The greatest gift of redemption is the Eucharist. As I mentioned, when I don’t appreciate the Eucharist, I know I need to grow and something in me is distracting me from the most important sacrament, most important thing in my life.
Fr. Walter Ciszek, S.J. was an American priest from Pennsylvania who volunteered to go to Russia in 1939 to minister to Catholics in the atheist Soviet Union. When discovered as a priest, he was arrested, sent to prison, and for five years, he couldn’t offer Mass.
Around this time he said, “When I reached the prison camps of Siberia, I learned to my great joy that it was possible to say Mass daily once again. In every camp, the priests and prisoners would go to great lengths… just to have the consolation of this sacrament… Our risk of discovery, of course, was greater in the barracks, because of the lack of privacy and the presence of informers. Most often, therefore, we said our daily Mass somewhere at the work site during the noon break. Despite this added hardship, everyone observed a strict Eucharistic fast from the night before, passing up a chance for breakfast and working all morning on an empty stomach. Yet no one complained. In small groups the prisoners would shuffle into the assigned place, and there the priest would say Mass in his working clothes, unwashed, disheveled, bundled up against the cold… The intensity of devotion of both priests and prisoners made up for everything; there were no altars, candles, bells, flowers, music, snow-white linens, stained glass or the warmth that even the simplest parish church could offer. Yet in these primitive conditions, the Mass brought you closer to God than anyone might conceivably imagine. The realization of what was happening on the board, box, or stone used in the place of an altar penetrated deep into the soul. Distractions caused by the fear of discovery, which accompanied each saying of the Mass under such conditions, took nothing away from the effect that the tiny bit of bread and few drops of consecrated wine produced upon the soul.
Many a time… the feeling of having performed something tremendously valuable for the people of this Godless country was overpowering.
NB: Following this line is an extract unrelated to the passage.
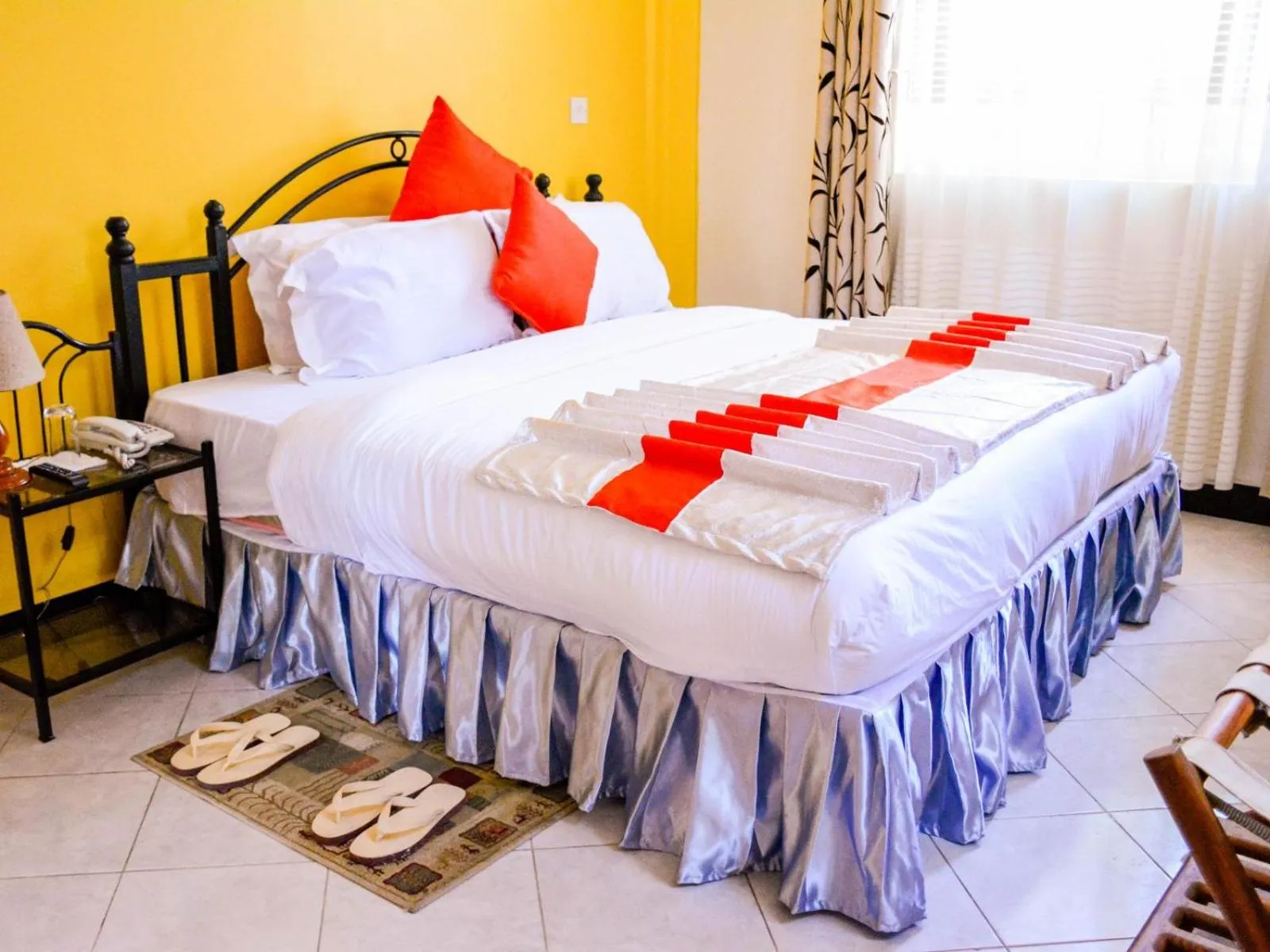 Bed in Crest Safari Lodge Bed and Breakfast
Just the thought of having celebrated Mass here… made my journey to the Soviet Union and the sufferings I endured seem totally worthwhile and necessary. No other inspiration could have deepened my faith more, could have given me spiritual courage in greater abundance… So I never let a day pass without saying Mass; it was my primary concern each new day. I would go to any length, suffer any inconvenience, run any risk to make the bread of life available to these men” (Fr. Walter J Ciszek, SJ, He Leadeth Me).
Fr. Ciszek was very healthy emotionally, psychologically and spiritually, which is why He could see the goodness around Him—I want to be like this. The most joyful people I know are the ones who see goodness around them. The most virtuous people I know are the ones who see goodness even when things aren’t perfect. Today’s a day to resurrect our seeing of goodness.